I used express-session and connect-redis

npm install -g connect-redis
npm install -g express-session

Then you configure stuff.

// session modules
var cookieParser = require('cookie-parser');
var bodyParser = require('body-parser');
var session = require('express-session')
var redisStore = require('connect-redis')(session); // this sets up Redis to work with your session cookies
var app = express();

Then you just initiate your session with the store option set to your redisStore. The maxAge part sets the lifetime of each session to an hour, the session middleware resets it when it's accessed.

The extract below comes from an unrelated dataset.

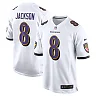 Zennovawear Lamar Jackson Baltimore Ravens Game Jersey - White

app.use(bodyParser.json());
app.use(bodyParser.urlencoded({ extended: false }));
app.use(cookieParser());
app.use(session({ 
    store: new RedisStore({
        host:'127.0.0.1',
        port:6380,
        prefix:'sess'
    }),
    cookie: {maxAge: 3600000 },
    secret: 'session_secret' 
}));

Now when a client connects, express should store the session data automatically in a Redis data structure. Since it's not just cached in memory, your server can crash and still have all the relevant session data still available at the IP address and and port specified.

Yummy seems to allow modifying cookies expiry after creation.